Yuya mengabaikan ketakutan Yuto dan berjalan menuju gubuk, begitu juga denganku.
"Oi ..." Yuto akhirnya mengikuti, meski ketakutan masih jelas terlihat di wajahnya.
Di depan gubuk itu, kami tak merasakan kehadiran siapa pun. Yuya mencoba membuka pintu yang macet, lalu mendobraknya.
Di dalam, gubuk itu kosong. Kayunya yang rapuh berderit di bawah kaki kami. Ruangannya hanya satu, tanpa perabot apa pun. Yuya menunjukkan bercak darah kering di sudut ruangan, sementara Mio menemukan secarik kertas yang terselip di lantai, berisi catatan seseorang.
...Hari pertama setelah penyelidikan, kami tidak menemukan apa-apa ... hari keenam, kami berhasil menemukan lokasi yang dimaksud Elbuto. Namun, tidak ada yang berani menyelam lebih jauh, jadi kami memaksa beberapa Crusemark untuk menyelam....
...Selama 730 jam, kami terus merekrut mereka, tapi tidak ada satu pun dari mereka yang berhasil keluar dari air....
...Elbuto sialan! Kau hanya bisa memerintah sesuka hatimu. Kalau saja kau bukan seorang profesor … aku sudah muak dengan semua ini. Aku akan menyelam sendiri dan menyelesaikan semuanya....
...Di akhir surat, yang ternoda bercak darah, tertulis: Bajingan kau, Elbuto. Mereka mati. Tidak ada yang selamat. Kabut .......
...Surat itu berhenti dengan tulisan yang belum selesai....
"Apa maksud surat ini?" tanya Mio.
"Mungkin di sini, Eldritch melakukan sesuatu lagi.
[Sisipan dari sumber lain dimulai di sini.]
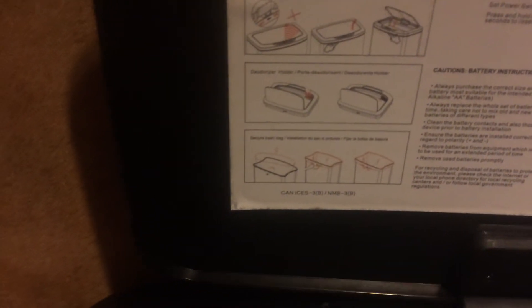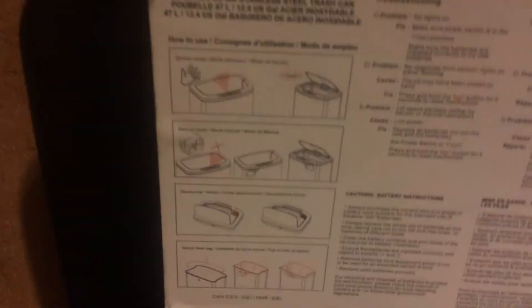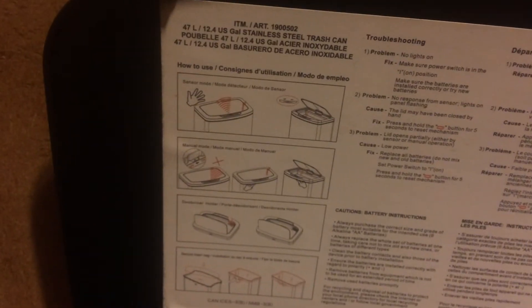It actually can be programmed in sensor mode, manual mode, deodorizer, by a deodorizer holder, or by a trash bag. So it can be programmed multiple ways. I think maybe this one might be programmed to do multiple ways, since I was able to open it with a button and by waving my hand across the sensor.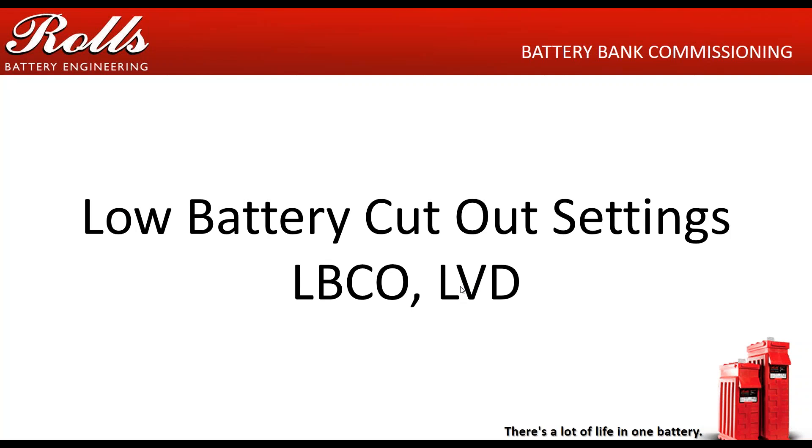Hello. Welcome to Roll's Battery Engineering webinar series. Today we're going to talk about low battery cutout settings, otherwise known as LBCO or low voltage disconnect.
Terlihat jelas mereka dipaksa oleh seseorang bernama Elbuto," jelas Yuya.
"Menurutku, Elbuto punya kedudukan lebih tinggi dari mereka. Orang yang menulis surat ini sepertinya tidak bisa menentangnya," tambahku.
"Di sini berbahaya. Ayo kita pergi sebelum terjadi sesuatu," kata Yuto.
"Tidak, aku sudah lelah. Kita istirahat di sini dulu yuk, Yuya," bujuk Mio.
"Tidak! Kita harus pergi sekarang," bantah Yuto.
"Baiklah, kita istirahat dulu beberapa jam," kata Yuya.
"Yuya, ayolah, kau pasti bercanda?"
Yuya tertawa kecil bersama Mio, menikmati kekhawatiran Yuto.
"Jangan khawatir, aku tahu di sini berbahaya. Lebih baik kita melanjutkan perjalanan sekarang, ayo," kata Yuya, melangkah keluar gubuk.
baru saja melangkah tidak jauh dari gubuk, mendadak angin bertiup kencang. Kami pikir itu hanya angin biasa dan mengabaikannya, sampai sebuah kabut tebal perlahan menutupi pandangan kami.
Suara yang lain tidak ada yang kudengar satupun, meski aku sudah berteriak memanggil mereka. Siluet samar perlahan muncul dari tepi danau, semakin aku mendekati siluet itu perlahan-lahan mulai nampak seperti Yuya dan yang lain.
Mendadak mereka berjalan ke depan tidak mempedulikan tubuh yang perlahan terbenam air, meski aku telah meneriaki mereka berkali-kali.
End Bab 16
gabung yu di Gc Bcm..
caranya Follow akun ak dl ya
untuk bisa aku undang
terima kasih.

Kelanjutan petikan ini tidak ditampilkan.